Lines from the one containing "100x 5cm Army" through the end of the listing are what is wanted, given again exactly with both ends included and pictures left out.

------------------------

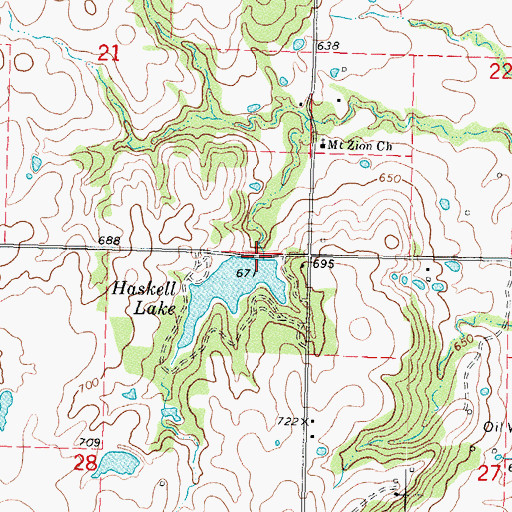 Topographic Map of Haskell Lake Dam, OK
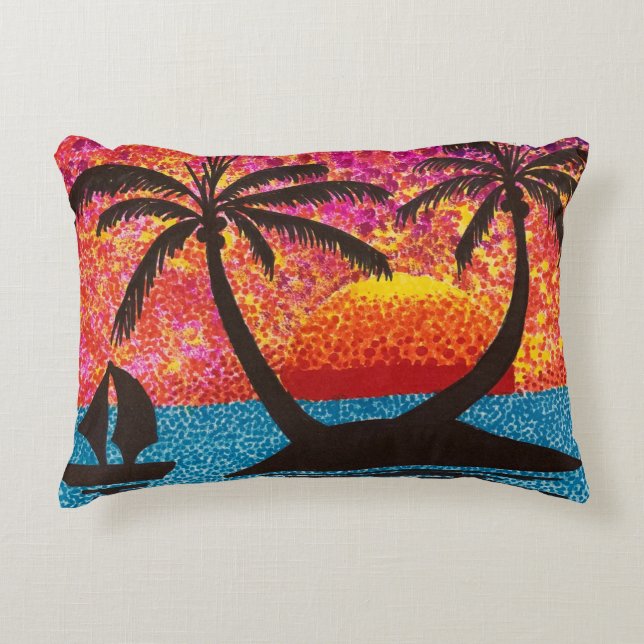 Pillow - Sunset Tropical Island Accent Kussen (Voorkant)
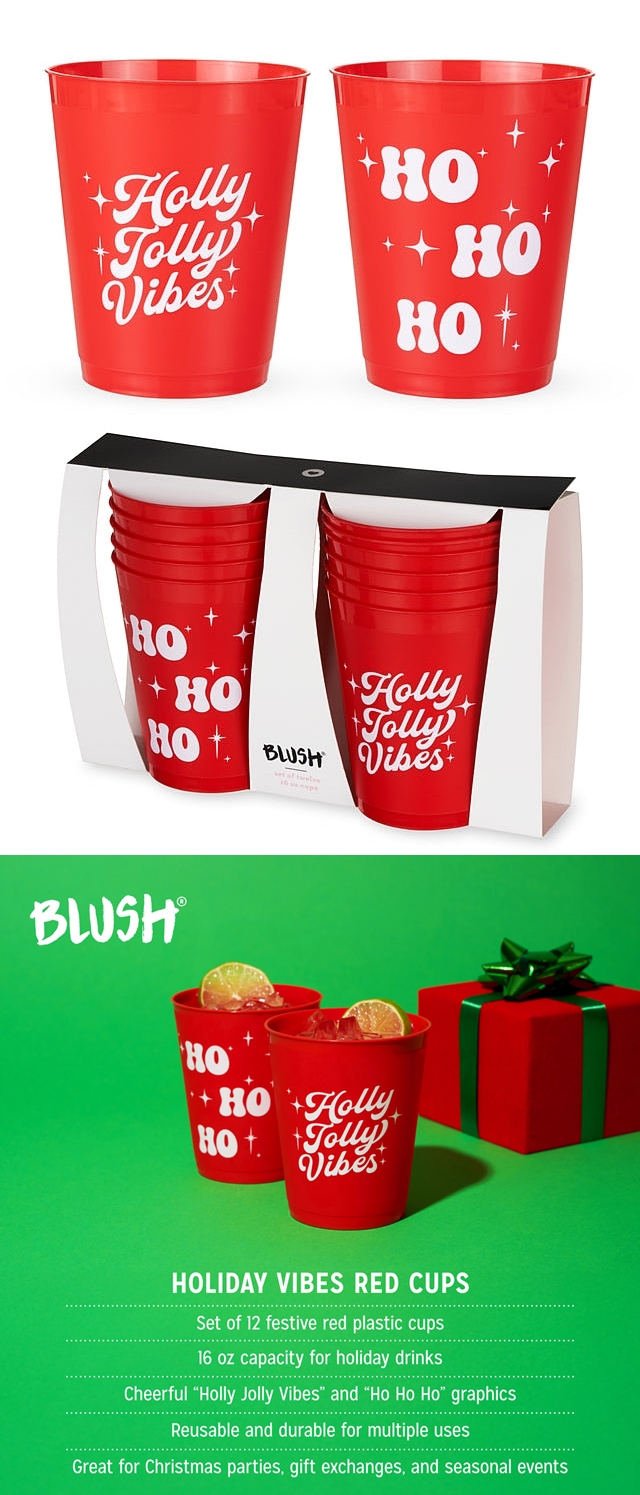 Festive Holiday Vibes 16oz Red Plastic Cups by Blush (Set of 12)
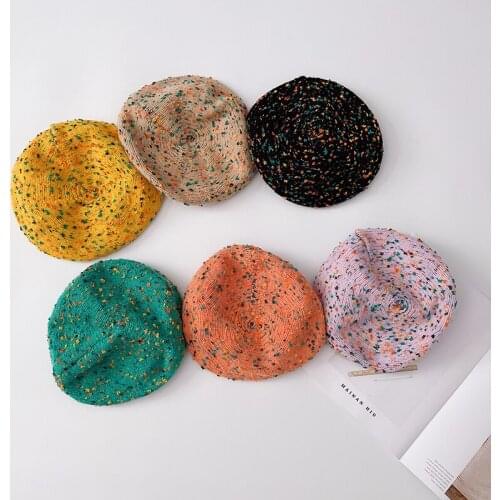 FOCUSNORM 6 Colors Infant Kids Girls Boys Knitted Beret Hat Toddler Woolen Hat Knitted Hat Beanie Turban Hat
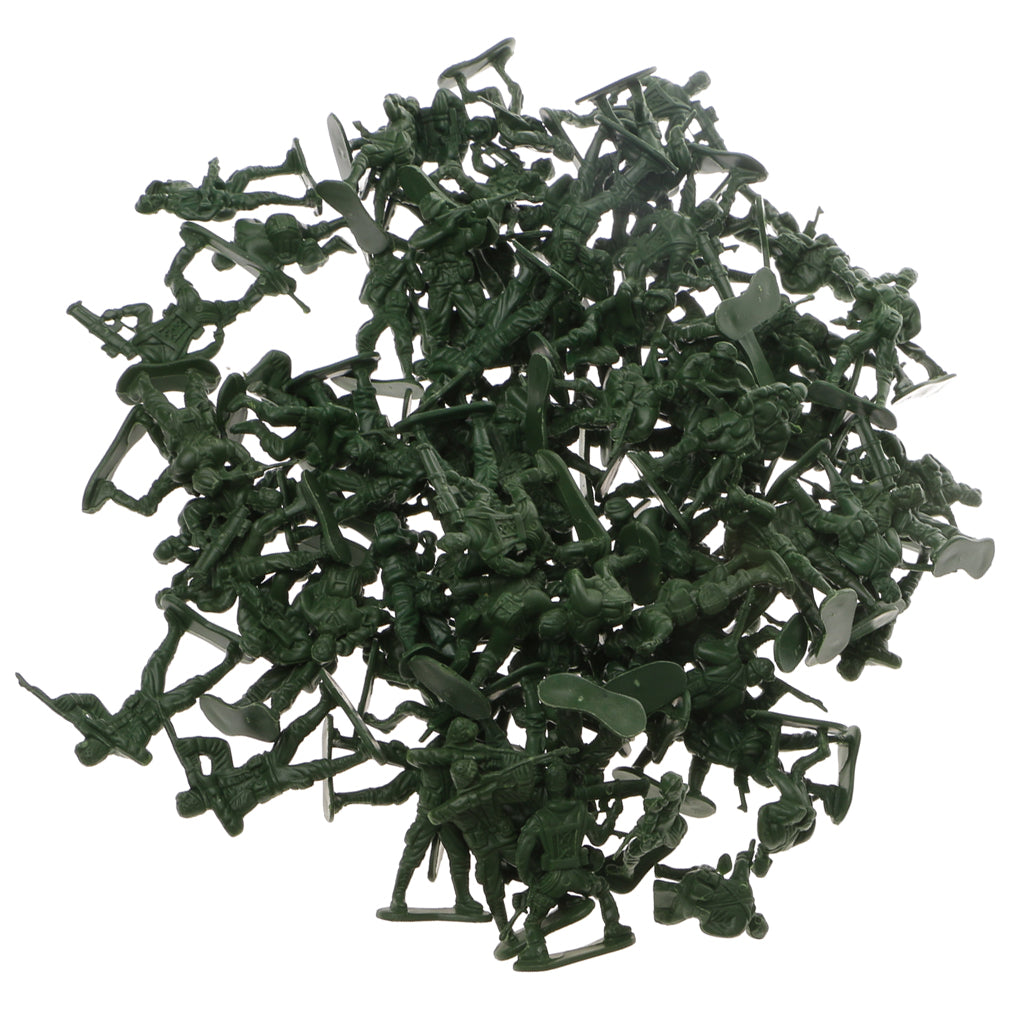 100x 5cm Army Troop Combat Soldier Figure Soldier Model Toys Green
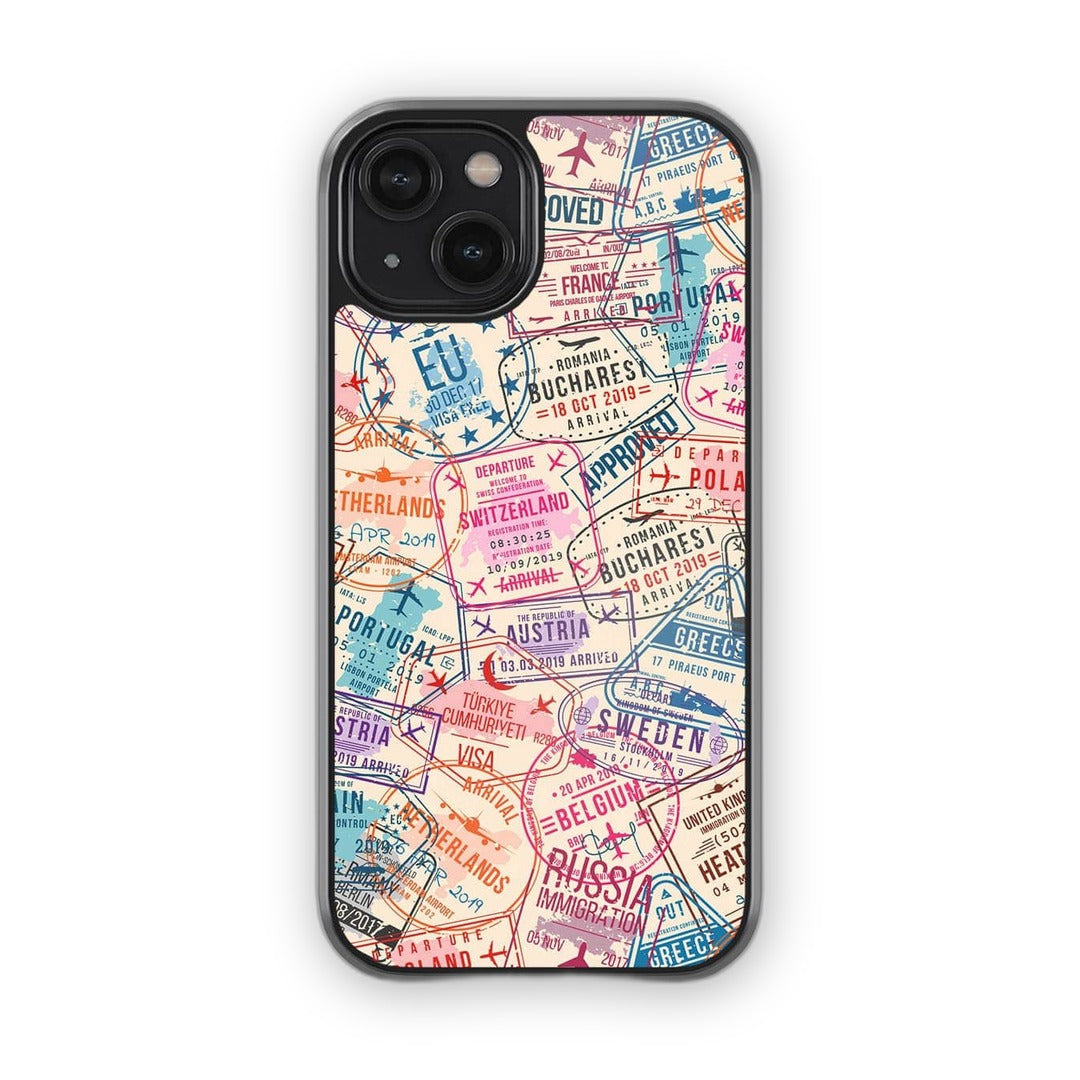 Immigration Stamps Beige Glass iPhone Case for iPhone 14 | Macmerise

------------------------

SOLUTION TO THIS TASK =>
 100x 5cm Army Troop Combat Soldier Figure Soldier Model Toys Green
 Immigration Stamps Beige Glass iPhone Case for iPhone 14 | Macmerise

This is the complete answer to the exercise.